The Petersons finally dispute the district court's grant of summary judgment on their claim of statutory conspiracy to injure another in their business. Section 18.2-499 of the Virginia Code prohibits two or more persons from conspiring for the purpose of “willfully and maliciously injuring another in his reputation, trade, business or profession by any means whatever.” Va.Code Ann. § 18.2-499(A)(i). The Petersons argue that Cooley and Central Fidelity violated § 18.2-499 by conspiring to injure them in their business.

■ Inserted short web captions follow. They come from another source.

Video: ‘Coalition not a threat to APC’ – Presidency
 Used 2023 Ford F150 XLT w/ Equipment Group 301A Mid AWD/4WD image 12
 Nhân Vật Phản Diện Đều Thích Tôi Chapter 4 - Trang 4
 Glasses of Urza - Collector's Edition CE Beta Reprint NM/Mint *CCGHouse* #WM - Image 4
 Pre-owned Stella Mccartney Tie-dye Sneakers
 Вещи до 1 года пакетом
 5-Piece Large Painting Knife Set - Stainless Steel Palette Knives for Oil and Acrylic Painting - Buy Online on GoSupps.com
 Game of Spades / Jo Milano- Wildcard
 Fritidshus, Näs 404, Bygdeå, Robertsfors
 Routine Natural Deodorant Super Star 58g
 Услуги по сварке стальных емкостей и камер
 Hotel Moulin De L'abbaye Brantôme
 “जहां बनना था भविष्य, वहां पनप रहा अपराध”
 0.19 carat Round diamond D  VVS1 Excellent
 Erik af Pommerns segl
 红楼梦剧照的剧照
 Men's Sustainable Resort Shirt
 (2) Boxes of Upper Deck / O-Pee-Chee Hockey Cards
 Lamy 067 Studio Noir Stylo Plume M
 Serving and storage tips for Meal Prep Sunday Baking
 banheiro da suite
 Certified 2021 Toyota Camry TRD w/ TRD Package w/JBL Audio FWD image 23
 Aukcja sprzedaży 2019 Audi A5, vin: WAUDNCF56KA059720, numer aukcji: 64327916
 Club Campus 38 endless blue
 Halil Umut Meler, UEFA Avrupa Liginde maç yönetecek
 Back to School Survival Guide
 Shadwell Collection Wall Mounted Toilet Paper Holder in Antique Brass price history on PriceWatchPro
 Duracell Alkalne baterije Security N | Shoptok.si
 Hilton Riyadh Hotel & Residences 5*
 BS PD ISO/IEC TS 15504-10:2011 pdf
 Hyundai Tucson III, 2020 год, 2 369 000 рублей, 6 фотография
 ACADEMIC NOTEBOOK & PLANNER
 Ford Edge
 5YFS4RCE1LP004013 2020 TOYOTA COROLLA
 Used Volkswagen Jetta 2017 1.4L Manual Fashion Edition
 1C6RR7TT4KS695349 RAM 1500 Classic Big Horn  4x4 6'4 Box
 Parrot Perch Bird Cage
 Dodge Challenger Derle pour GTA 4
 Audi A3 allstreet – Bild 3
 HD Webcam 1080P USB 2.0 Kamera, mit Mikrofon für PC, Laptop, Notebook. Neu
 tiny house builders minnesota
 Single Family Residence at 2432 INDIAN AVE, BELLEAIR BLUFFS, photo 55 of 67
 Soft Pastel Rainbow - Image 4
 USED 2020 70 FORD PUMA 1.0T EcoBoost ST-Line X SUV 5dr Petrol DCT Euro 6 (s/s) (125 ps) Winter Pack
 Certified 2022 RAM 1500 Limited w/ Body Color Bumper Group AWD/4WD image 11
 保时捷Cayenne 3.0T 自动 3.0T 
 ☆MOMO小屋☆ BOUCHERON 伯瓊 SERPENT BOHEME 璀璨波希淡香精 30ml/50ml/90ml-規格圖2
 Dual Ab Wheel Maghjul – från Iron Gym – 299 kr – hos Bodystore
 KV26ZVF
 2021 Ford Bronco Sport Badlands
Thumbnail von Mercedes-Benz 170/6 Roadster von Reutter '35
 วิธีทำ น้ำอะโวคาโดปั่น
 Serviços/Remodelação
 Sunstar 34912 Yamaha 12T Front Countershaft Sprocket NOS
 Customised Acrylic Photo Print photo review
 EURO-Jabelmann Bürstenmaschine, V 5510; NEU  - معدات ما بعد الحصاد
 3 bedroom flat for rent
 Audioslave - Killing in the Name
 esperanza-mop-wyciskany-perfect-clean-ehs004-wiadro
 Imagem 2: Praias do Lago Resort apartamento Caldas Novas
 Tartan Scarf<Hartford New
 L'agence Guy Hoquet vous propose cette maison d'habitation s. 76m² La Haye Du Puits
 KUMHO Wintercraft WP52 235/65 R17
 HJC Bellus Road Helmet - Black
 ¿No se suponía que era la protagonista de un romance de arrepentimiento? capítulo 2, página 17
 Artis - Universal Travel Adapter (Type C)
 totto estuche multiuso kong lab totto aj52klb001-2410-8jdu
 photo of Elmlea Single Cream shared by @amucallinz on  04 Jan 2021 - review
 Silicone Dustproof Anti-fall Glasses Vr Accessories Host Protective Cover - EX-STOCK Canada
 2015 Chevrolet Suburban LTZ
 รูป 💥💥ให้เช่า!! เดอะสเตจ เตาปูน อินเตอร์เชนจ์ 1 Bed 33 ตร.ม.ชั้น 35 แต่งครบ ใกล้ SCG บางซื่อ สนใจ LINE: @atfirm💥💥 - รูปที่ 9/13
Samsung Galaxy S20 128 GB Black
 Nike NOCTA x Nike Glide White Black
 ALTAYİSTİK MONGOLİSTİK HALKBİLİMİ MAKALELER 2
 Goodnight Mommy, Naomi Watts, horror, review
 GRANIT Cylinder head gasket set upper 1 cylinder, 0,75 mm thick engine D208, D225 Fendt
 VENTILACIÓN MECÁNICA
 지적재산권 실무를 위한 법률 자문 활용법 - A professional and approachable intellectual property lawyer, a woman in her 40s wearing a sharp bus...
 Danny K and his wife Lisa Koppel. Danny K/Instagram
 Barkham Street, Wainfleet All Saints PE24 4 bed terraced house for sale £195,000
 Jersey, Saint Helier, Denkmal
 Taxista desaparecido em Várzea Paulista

We need not pause long on this argument. Although a plaintiff need not prove personal spite, Commercial Bus. Sys., Inc. v. BellSouth Servs., Inc., 249 Va. 39, 453 S.E.2d 261, 267 (1995), the alleged conduct must at least be aimed at damaging another's business. Nationwide Mut. Fire Ins. Co. v. Jones, 577 F.Supp. 968, 970 (W.D.Va.1984). The Petersons have produced no evidence that Cooley or Central Fidelity acted out of a desire to injure the Petersons in their business. Indeed, any damage to the Petersons' business would only prejudice Cooley and Central Fidelity's ability to recover as creditors. Moreover, Cooley acted for the legitimate business purpose of protecting his RTC judgment against Barrie Peterson. More generally, Cooley acted out of a legitimate business desire to profit by the purchase of loans. Were we to allow the Petersons' suit to proceed, we would subject every sale of debt to a potential conspiracy charge by the disgruntled debtor. Needless to say, such a prospect would impose a practical freeze on the transferability of debt in Virginia. Because the Petersons have failed to uncover any specific evidence of Cooley's alleged purpose of “willfully and maliciously injuring” them in their business, we hold that the district court correctly granted summary judgment on this count.
For the foregoing reasons, we affirm the judgment of the district court.
Affirmed by published opinion. Chief Judge WILKINSON wrote the opinion, in which Judge WIDENER and Judge NIEMEYER joined.